I believe the Minister touched on the question of the quality of education, not just education in the sense of the word, but the quality of education that we are providing for our students in the Northwest Territories. I think it is awfully disheartening when you see a student going through K - 12 and when they get to grade 12 they do not have the marks to get themselves into post-secondary education or off to college because they just do not have the marks in regards to the maths or science or the social envelope. We talk about the cost, but what is heartbreaking for me is that I come from a small riding and you see two or three students graduating a year and in the meantime we may have started off with a class size in grade 2 or 3 where you have 29 students and it kind of makes you wonder, where did the other 28 or 25 students go?
What is wrong with the system that we are not producing quality graduates at the end of the day and why is there such a high dropout rate in the Northwest Territories? When I come back to the original question I asked, the social and economic cost to this government, if we do nothing now to put the resources and the dollars into education and improving it, it is not just a question of educating people but it is a question of having the quality of education in our classrooms so that when someone is in the high schools in Fort McPherson, or Aklavik, or Tsiigehtchic, or wherever you want to have them, making sure that they have adequate resources to conduct their classes in regard to having the materials available in those classrooms. Right now there are students who are educating themselves by pulling curriculum together, by going out of their way to find the information in regard to the text or the subject matter they want to deal with, and having to go out of the classroom to try to get the information to get educated in our classrooms. Is that quality of education?
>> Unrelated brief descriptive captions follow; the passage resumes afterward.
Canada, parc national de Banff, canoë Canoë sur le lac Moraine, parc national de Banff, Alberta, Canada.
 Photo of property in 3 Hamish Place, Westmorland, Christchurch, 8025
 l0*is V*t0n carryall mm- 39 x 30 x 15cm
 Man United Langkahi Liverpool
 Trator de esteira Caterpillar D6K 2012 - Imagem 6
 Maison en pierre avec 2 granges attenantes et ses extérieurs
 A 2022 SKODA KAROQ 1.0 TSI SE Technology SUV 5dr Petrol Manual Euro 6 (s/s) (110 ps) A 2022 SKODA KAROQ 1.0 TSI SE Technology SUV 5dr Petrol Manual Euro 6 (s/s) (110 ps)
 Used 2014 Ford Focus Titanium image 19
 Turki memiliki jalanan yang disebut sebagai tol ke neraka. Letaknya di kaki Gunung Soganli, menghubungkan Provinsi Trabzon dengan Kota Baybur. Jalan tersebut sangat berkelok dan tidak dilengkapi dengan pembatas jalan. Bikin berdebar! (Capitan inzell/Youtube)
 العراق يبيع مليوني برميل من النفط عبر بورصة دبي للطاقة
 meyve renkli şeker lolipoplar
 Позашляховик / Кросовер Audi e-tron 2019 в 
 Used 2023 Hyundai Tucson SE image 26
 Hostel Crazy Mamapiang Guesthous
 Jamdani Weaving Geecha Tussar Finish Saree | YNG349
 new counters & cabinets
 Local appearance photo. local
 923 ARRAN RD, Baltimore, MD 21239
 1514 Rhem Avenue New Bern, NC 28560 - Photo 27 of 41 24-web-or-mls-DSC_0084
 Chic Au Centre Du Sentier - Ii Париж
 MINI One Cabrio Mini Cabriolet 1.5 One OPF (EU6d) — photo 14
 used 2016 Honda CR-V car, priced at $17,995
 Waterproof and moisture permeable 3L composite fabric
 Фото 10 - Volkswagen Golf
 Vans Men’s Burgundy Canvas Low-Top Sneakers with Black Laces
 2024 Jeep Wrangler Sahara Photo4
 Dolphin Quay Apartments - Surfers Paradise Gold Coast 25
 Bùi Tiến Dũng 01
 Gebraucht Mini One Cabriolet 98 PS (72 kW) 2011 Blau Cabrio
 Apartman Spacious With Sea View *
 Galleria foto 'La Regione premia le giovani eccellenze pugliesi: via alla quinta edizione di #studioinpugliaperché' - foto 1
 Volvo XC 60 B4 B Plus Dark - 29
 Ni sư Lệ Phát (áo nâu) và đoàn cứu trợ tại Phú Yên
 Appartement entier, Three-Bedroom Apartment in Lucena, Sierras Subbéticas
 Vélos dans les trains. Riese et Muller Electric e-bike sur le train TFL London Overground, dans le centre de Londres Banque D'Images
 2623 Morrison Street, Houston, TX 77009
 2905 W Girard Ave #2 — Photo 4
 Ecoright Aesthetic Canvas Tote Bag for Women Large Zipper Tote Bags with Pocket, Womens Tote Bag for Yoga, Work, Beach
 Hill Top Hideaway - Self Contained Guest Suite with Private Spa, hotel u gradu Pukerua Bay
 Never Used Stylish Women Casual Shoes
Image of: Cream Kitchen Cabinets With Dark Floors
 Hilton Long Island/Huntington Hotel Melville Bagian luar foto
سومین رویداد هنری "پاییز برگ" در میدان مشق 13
I think the Minister has to realize that you talk about numbers and you talk about the whole question about well we spend all this money here, but at the end of the day have we actually looked at having the resources available in all our classrooms so that we are teaching a curriculum, subject matter right across the board in the Northwest Territories, does not matter what school you are in. That is what I talk about as quality of education, not that one school has a subject they can teach and another school does not. I would look to ask the Minister, has the department considered ensuring that there will be a fundamental principle that it does not matter where you live or where you are being taught, but the subject matter in regard to the program or the subject you want to take in that particular classroom is available anywhere in the Western Territory, than having some students without materials to meet the marks they need to graduate and be successful and know that once they graduate they can continue on to post-secondary education, or university, so that they can improve in the economic society of the west. Thank you.